##### Provided material

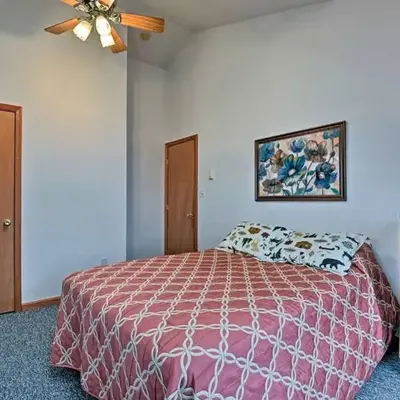 9Br lake fr Volley ball/hot tub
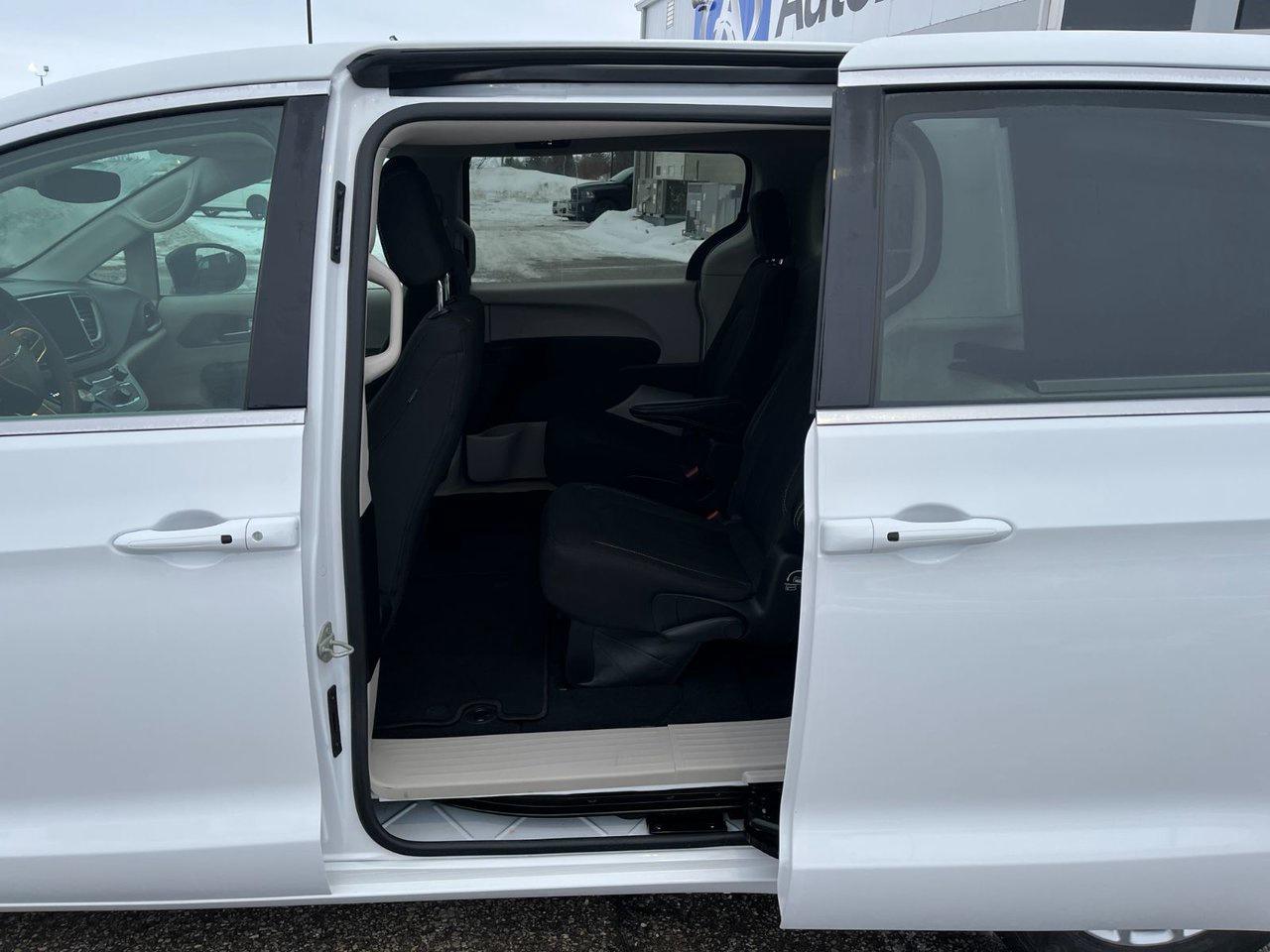 2024 Chrysler Grand Caravan SXT 2WD Photo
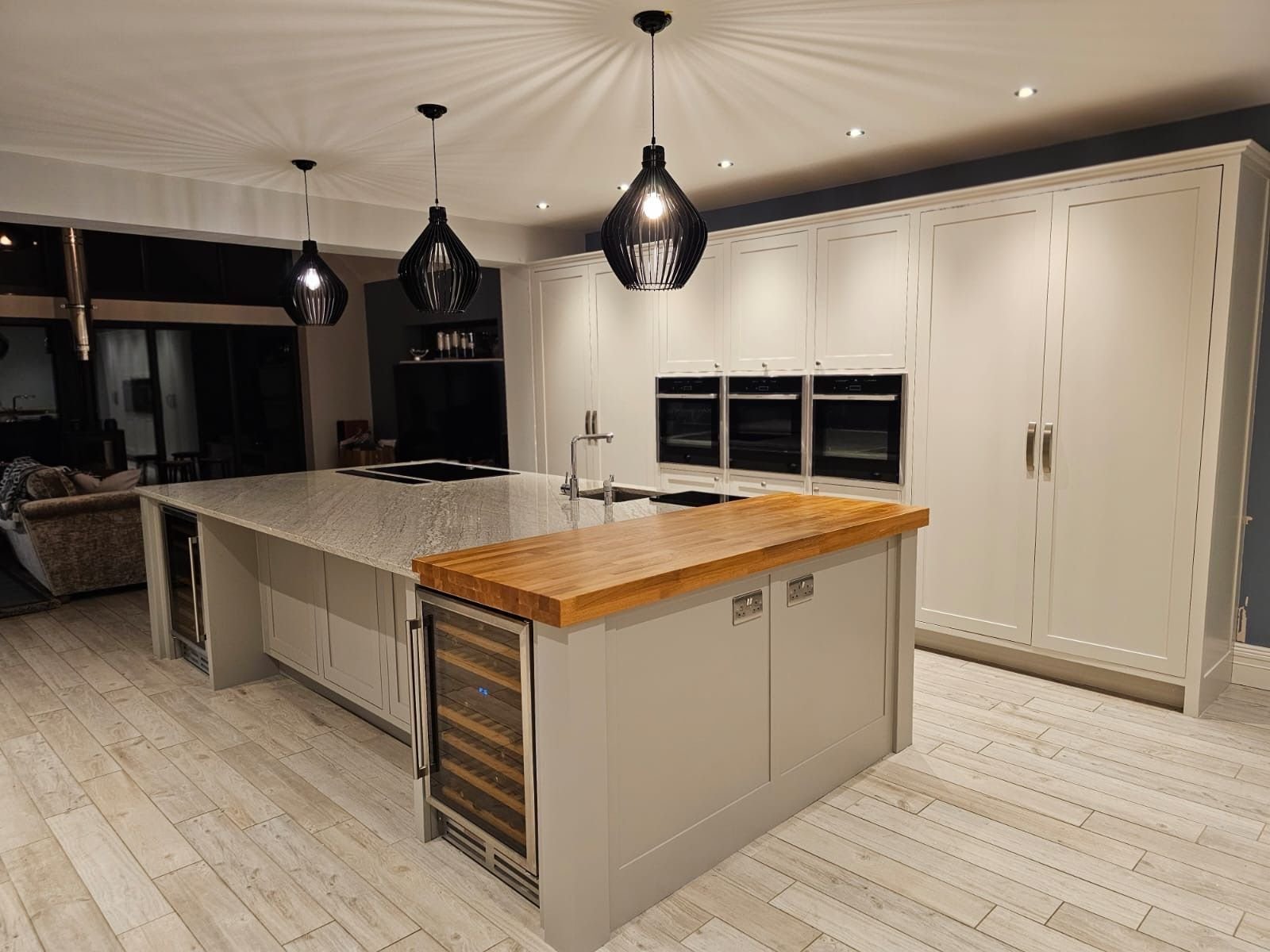 Kitchen respraying costs in large kitchen with island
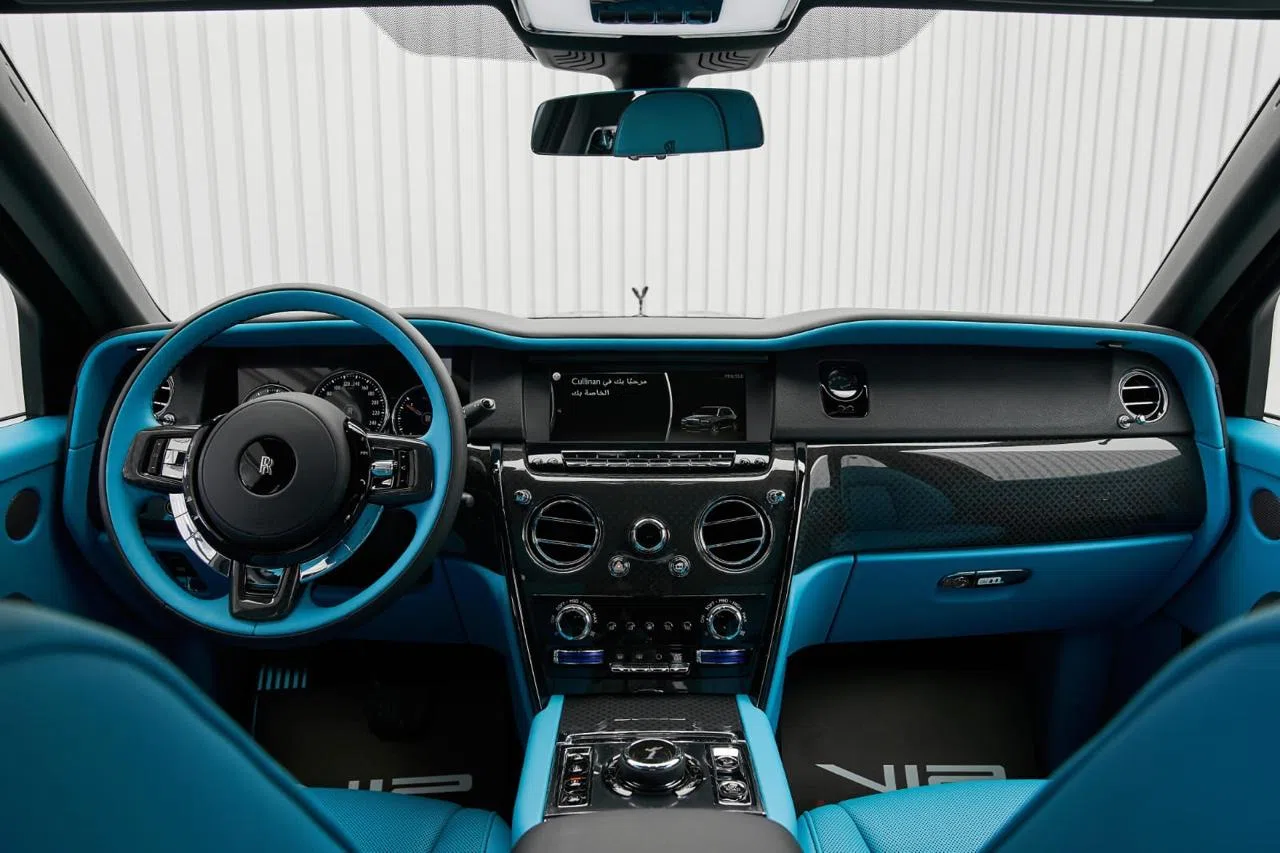 2024 Rolls-Royce Cullinan interior, dashboard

##########

### What to work on
Print the full listing again exactly, and drop every image from it.

### Solution to this task
 9Br lake fr Volley ball/hot tub
 2024 Chrysler Grand Caravan SXT 2WD Photo
 Kitchen respraying costs in large kitchen with island
 2024 Rolls-Royce Cullinan interior, dashboard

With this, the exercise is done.